Ist der Baum kürzer als zwei Meter, kann er in den meisten Pkw im Fahrzeuginneren transportiert werden. Hier muss der Fahrer freie Sicht nach vorne und zumindest in beide Seitenspiegel haben. Handbremse und Schalthebel müssen problemlos bedienbar bleiben. Auch bei offener Heckklappe müssen Kennzeichen, Rückleuchten und Blinker gut sichtbar bleiben. Für den Transport am Dach ist ein Dachträger notwendig. Die Spitze des Baumes zeigt nach hinten, zur Befestigung werden widerstandsfähige Gewebebänder (Spanngurte) verwendet.

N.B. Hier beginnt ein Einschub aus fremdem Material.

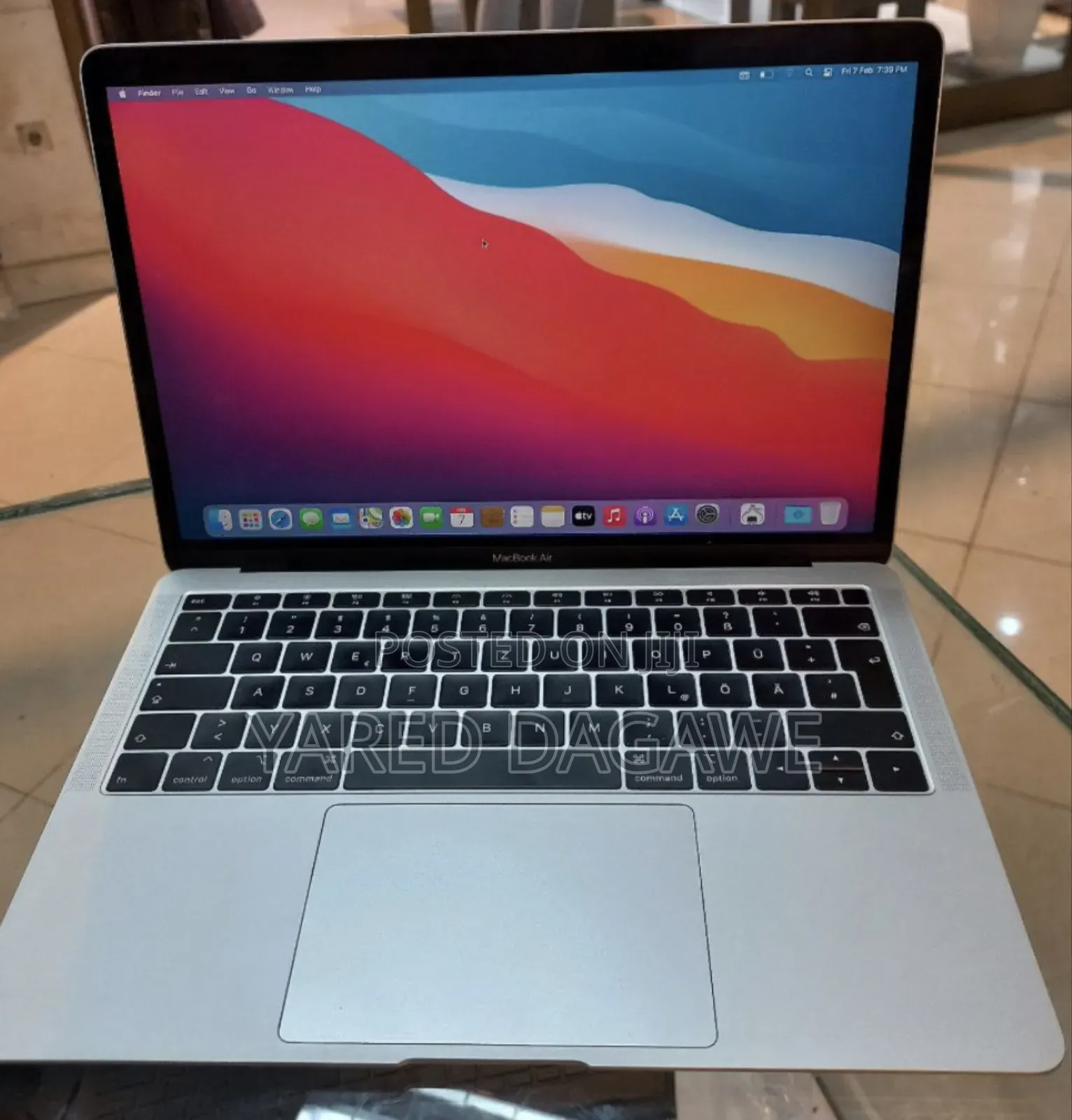 New Laptop Apple MacBook Air 2019 8GB Intel Core I5 SSD 128GB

Und der Baum darf nicht die Breite des Fahrzeugs überragen.

Überlänge erfordert Kennzeichnung

Auch für die Länge gibt es Vorschriften. "Ragt der Christbaum um mehr als einen Meter über den vordersten oder hintersten Punkt des Autos hinaus, muss er durch eine 25 x 40 Zentimeter große Tafel mit einem fünf Zentimeter breiten, rot rückstrahlenden Rand gekennzeichnet werden", erklärt die ÖAMTC-Juristin. Die Tafel darf maximal 90 Zentimeter über der Fahrbahn angebracht sein. Bei Dunkelheit sind zusätzliche Beleuchtung bzw. Reflektoren erforderlich. "Sind diese nach vorne gerichtet, müssen sie weiß oder gelb sein. Wenn die Reflektoren nach hinten zeigen, müssen sie hingegen rot sein", so Pronebner.

Relevant für die Fahrer von Kleinstwagen: Sobald der Baum die Fahrzeuglänge um mehr als ein Viertel überragt, wird der Transport zur "Langgut-Fuhre", unabhängig von der Ein-Meter-Grenze. Damit gilt auf Freilandstraßen ein Tempolimit von 50 km/h, auf Autobahnen und Autostraßen 70 km/h.